To: Glorieux who wrote (464)	8/15/2015 11:58:06 PM
From: stuffbug	Read Replies (1) \| Respond to of 5988

Glorieux, thanks for the technical information. It is appreciated. There is much more to graphite than purity Agreed. As I recently posted on another board, Asbury Carbons markets a variety of high performance natural and synthetic graphites for use in bi-polar fuel cell plates with varying characteristics: - particle size from 8 microns to over 40 microns, - resistivity from 0.03 ohm cm to 0.07 ohm cm and - purity generally in the range 99.4 - 99.9% Cg Asbury Carbons also noted that researchers differ widely in opinion regarding the best graphite “type” and particle size distribution for PEM fuel cells.

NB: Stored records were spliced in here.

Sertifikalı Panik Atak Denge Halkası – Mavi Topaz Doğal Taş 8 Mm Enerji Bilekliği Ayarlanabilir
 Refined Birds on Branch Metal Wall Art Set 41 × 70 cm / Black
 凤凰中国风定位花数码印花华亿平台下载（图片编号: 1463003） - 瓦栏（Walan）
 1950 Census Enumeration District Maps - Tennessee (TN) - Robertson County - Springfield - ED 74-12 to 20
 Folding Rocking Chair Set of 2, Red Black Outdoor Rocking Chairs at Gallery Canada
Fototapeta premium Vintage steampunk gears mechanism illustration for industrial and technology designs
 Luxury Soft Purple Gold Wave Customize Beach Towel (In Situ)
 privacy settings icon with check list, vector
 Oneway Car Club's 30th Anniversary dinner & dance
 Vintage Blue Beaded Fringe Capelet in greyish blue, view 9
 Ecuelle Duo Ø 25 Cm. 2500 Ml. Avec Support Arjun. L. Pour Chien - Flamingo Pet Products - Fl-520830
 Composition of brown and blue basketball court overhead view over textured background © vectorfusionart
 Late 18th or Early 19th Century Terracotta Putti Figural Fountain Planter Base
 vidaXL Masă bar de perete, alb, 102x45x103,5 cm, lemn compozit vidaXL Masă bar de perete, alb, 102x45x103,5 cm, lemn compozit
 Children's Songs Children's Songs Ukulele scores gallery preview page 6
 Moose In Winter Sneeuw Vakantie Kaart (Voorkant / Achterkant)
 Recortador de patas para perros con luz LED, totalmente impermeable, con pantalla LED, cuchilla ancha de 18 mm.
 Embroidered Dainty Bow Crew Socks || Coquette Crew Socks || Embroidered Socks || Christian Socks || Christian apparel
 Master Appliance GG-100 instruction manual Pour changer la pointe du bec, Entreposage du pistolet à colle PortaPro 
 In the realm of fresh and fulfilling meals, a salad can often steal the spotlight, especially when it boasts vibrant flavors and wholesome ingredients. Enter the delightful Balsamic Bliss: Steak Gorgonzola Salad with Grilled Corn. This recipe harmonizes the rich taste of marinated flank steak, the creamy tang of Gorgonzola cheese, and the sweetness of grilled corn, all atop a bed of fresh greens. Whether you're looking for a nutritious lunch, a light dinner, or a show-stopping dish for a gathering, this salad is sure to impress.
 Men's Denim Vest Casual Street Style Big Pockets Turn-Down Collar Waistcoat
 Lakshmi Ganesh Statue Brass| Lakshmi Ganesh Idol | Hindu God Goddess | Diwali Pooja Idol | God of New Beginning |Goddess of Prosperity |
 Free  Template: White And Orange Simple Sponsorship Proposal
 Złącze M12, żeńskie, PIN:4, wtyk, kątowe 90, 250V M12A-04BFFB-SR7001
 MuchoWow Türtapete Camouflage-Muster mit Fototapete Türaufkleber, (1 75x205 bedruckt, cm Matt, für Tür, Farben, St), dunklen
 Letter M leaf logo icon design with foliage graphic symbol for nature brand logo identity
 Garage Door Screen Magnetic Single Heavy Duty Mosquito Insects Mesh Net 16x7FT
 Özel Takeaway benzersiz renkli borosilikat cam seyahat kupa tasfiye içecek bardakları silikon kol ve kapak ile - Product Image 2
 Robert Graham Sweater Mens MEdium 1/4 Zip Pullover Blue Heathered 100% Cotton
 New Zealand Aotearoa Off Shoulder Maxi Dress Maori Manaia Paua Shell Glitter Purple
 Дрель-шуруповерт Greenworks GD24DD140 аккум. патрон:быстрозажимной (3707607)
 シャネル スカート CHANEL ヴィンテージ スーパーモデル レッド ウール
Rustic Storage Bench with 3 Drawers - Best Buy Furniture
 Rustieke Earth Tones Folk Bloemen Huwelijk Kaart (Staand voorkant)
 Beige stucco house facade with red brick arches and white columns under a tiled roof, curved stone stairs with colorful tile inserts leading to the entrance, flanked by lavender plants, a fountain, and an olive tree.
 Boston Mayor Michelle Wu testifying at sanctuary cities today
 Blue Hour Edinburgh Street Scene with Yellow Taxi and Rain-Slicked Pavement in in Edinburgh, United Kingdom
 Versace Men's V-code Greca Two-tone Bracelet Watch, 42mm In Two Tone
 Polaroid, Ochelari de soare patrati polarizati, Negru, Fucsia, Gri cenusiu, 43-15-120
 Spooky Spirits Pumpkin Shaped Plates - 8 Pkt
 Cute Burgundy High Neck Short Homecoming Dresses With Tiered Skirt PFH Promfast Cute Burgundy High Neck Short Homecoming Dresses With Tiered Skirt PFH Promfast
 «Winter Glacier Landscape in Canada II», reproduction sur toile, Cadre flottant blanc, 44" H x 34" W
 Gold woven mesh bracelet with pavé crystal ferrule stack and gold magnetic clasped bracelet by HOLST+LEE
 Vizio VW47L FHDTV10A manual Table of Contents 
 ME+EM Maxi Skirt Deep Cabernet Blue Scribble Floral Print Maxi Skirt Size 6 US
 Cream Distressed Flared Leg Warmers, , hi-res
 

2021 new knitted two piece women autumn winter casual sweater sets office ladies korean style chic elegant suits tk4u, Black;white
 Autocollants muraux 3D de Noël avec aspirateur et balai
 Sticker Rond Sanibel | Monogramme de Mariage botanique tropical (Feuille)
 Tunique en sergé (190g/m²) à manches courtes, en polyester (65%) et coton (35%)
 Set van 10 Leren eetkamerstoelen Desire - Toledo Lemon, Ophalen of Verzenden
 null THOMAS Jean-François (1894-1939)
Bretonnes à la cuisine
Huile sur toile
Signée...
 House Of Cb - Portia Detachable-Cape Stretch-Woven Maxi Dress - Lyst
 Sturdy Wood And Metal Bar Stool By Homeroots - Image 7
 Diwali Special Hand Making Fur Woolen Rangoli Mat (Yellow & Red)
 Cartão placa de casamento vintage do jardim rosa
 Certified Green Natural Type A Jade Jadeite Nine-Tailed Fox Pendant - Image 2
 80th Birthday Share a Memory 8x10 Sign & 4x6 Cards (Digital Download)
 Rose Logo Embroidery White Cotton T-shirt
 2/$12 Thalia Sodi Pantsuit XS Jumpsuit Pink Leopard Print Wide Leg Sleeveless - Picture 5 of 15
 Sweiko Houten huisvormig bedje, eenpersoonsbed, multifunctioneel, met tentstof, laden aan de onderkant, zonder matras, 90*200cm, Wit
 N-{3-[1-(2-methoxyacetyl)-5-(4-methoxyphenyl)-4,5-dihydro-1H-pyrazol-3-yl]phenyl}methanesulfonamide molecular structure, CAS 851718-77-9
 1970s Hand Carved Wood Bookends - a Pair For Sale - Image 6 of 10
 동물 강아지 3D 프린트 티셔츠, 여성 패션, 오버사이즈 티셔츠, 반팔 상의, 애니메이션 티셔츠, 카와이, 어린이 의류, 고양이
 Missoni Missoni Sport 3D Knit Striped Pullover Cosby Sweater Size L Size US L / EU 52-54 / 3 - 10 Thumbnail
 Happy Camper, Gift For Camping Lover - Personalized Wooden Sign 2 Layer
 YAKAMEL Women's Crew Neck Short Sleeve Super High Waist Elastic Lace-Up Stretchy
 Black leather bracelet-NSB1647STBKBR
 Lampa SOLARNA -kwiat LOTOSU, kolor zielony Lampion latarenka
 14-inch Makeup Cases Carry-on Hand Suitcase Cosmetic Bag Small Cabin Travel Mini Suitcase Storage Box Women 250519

However, most would agree that graphite materials should be at least 99% pure. Also of note, typical plates are compound mixtures, containing about 90% graphite, with binder materials accounting for the other 10%. So, even if you have the "best fuel cell graphite", the performance of the fuel cell also depends on the ability of the manufacturer to select the appropriate binder matrix formula.